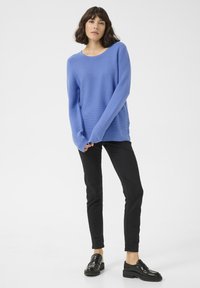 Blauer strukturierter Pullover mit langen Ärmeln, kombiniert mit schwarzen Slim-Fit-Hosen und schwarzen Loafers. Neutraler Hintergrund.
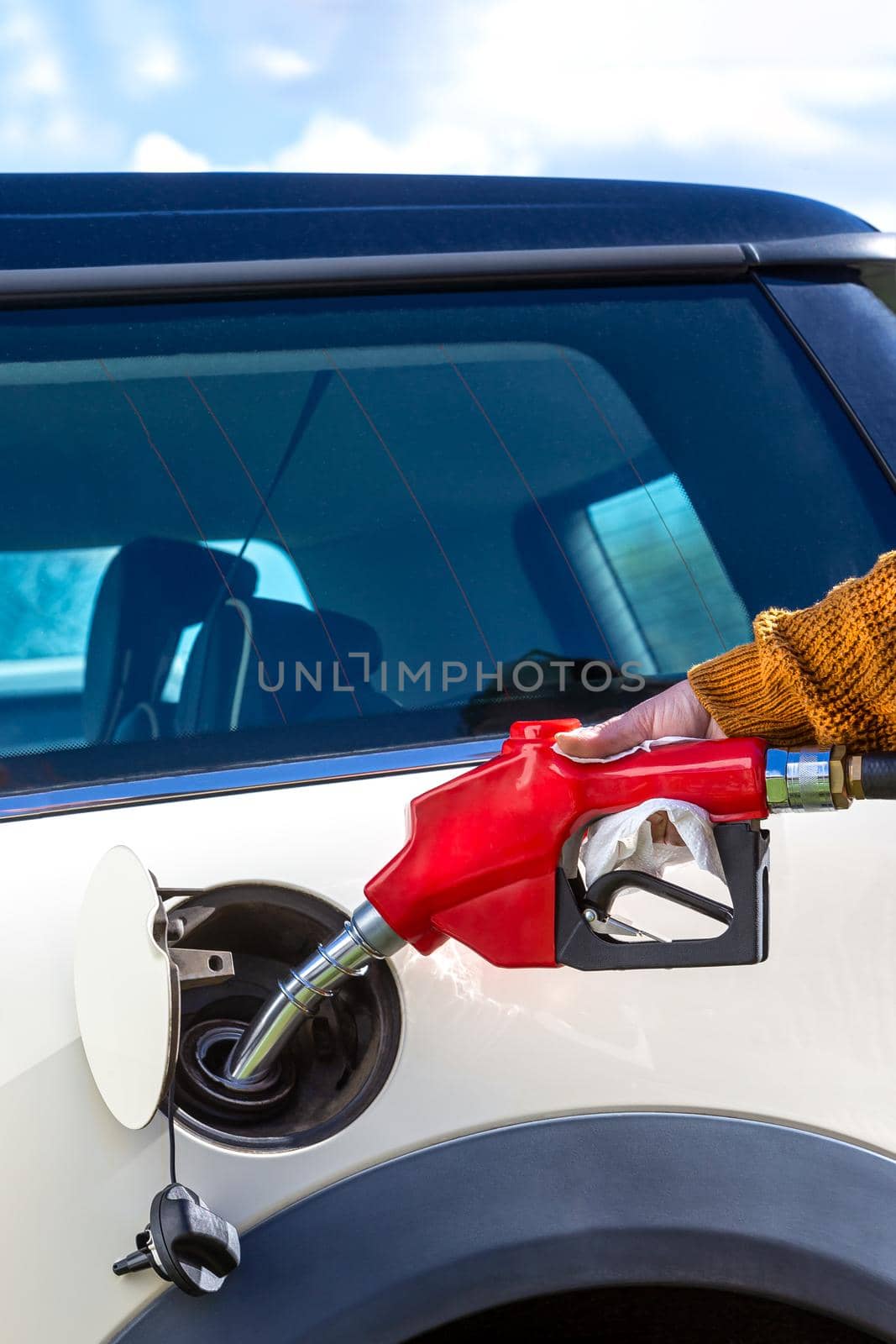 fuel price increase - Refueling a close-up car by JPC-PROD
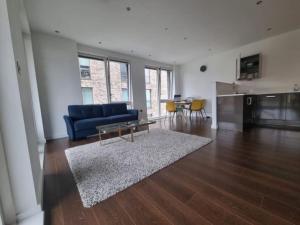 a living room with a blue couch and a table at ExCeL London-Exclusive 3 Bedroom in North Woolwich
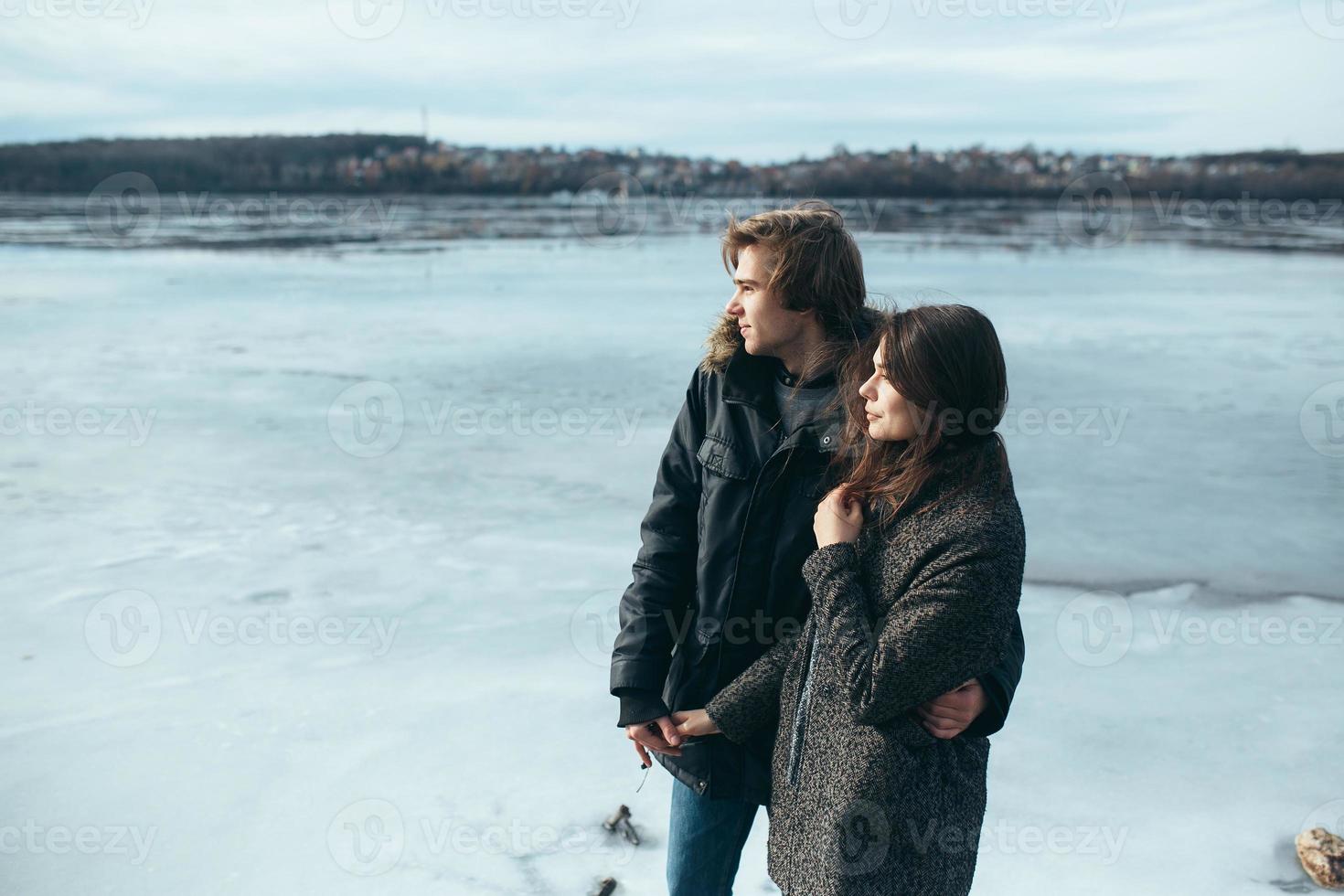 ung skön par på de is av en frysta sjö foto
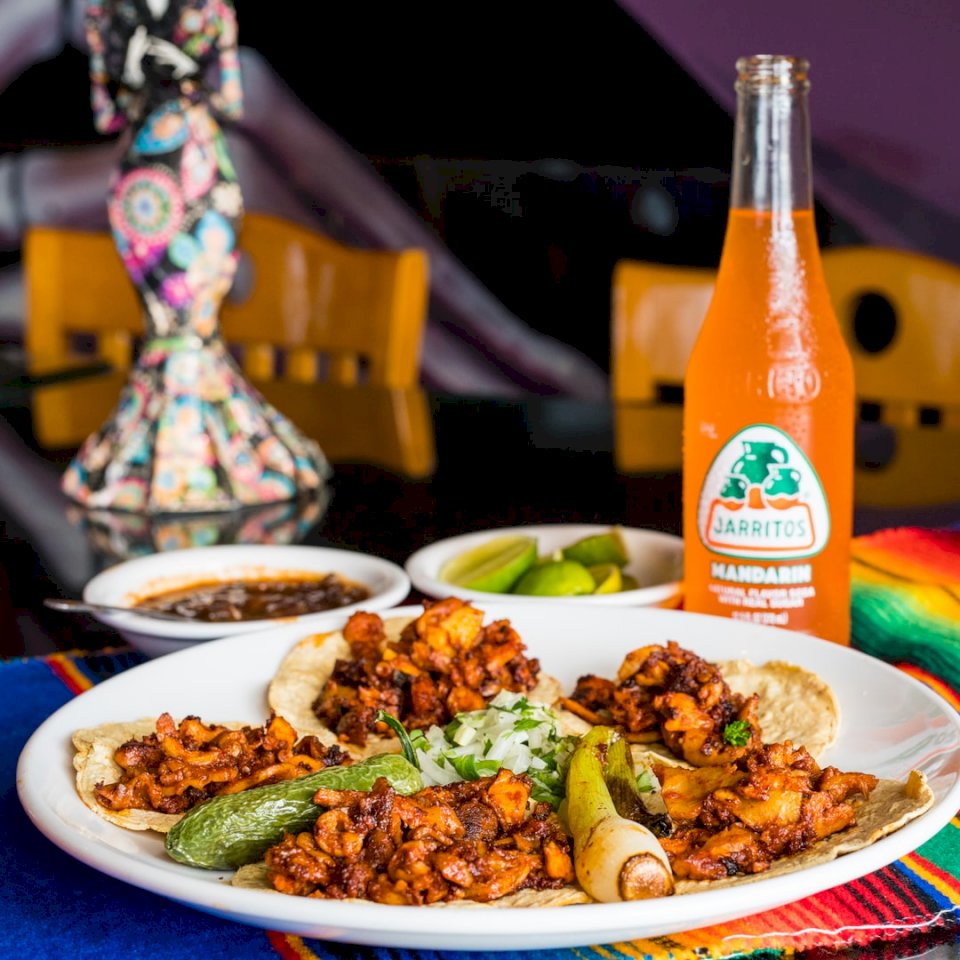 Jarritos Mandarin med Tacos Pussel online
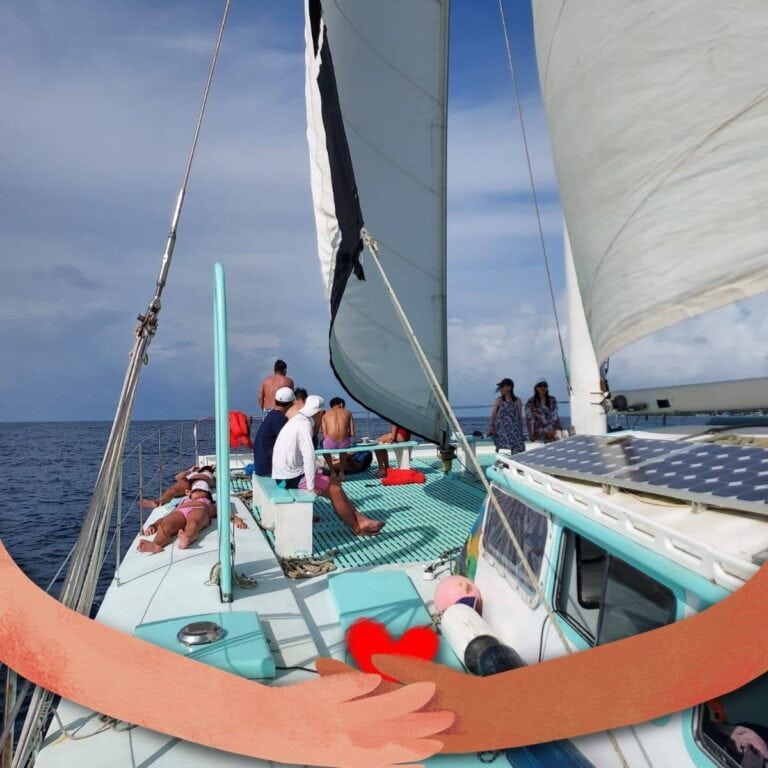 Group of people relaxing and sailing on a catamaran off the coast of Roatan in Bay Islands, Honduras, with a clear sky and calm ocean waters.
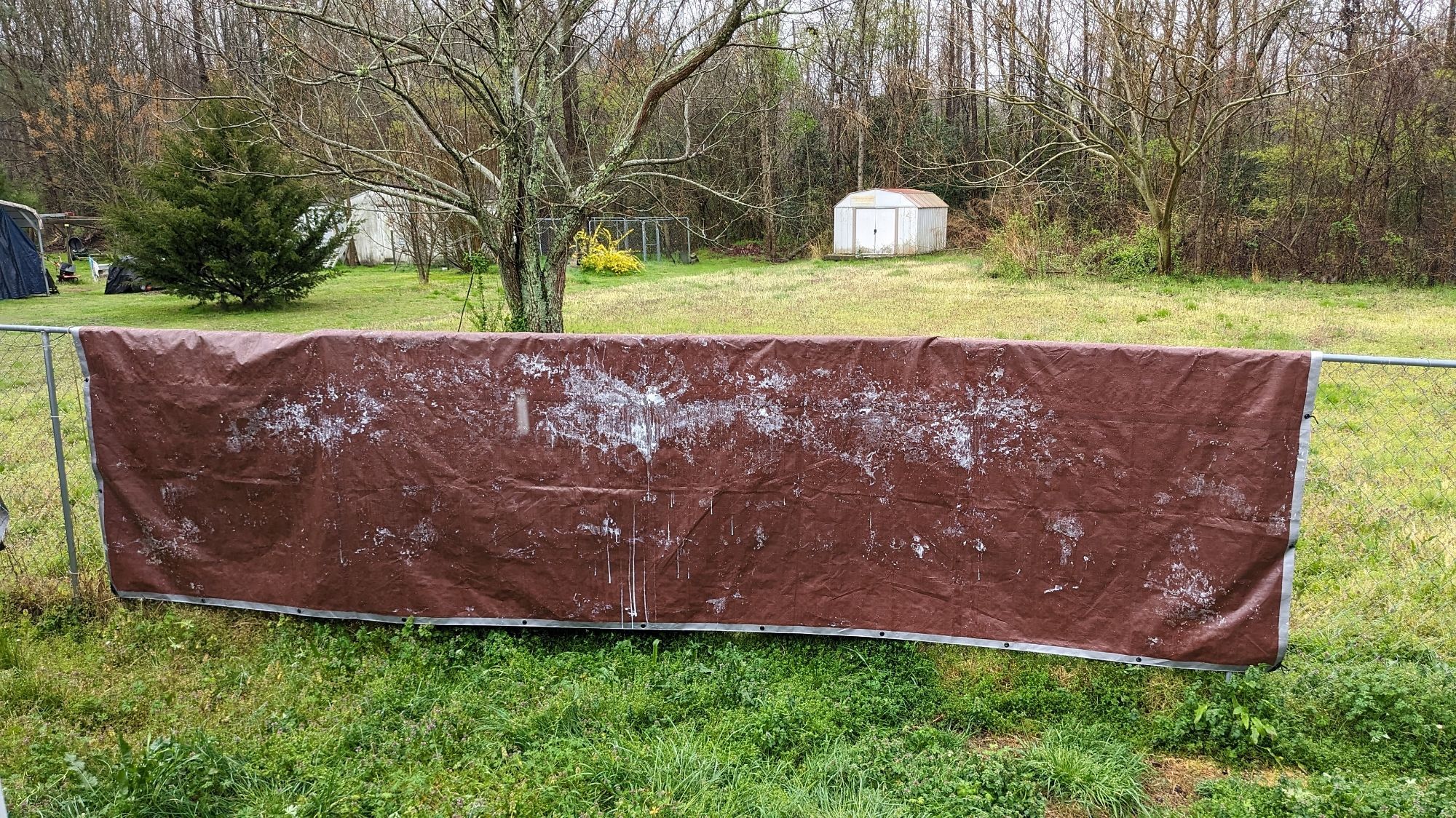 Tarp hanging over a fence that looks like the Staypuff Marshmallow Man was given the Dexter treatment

# [BRIEF]
When copying, output the data exactly and leave out the pictures.

# [ANSWER BELOW]
 Blauer strukturierter Pullover mit langen Ärmeln, kombiniert mit schwarzen Slim-Fit-Hosen und schwarzen Loafers. Neutraler Hintergrund.
 fuel price increase - Refueling a close-up car by JPC-PROD
 a living room with a blue couch and a table at ExCeL London-Exclusive 3 Bedroom in North Woolwich
 ung skön par på de is av en frysta sjö foto
 Jarritos Mandarin med Tacos Pussel online
 Group of people relaxing and sailing on a catamaran off the coast of Roatan in Bay Islands, Honduras, with a clear sky and calm ocean waters.
 Tarp hanging over a fence that looks like the Staypuff Marshmallow Man was given the Dexter treatment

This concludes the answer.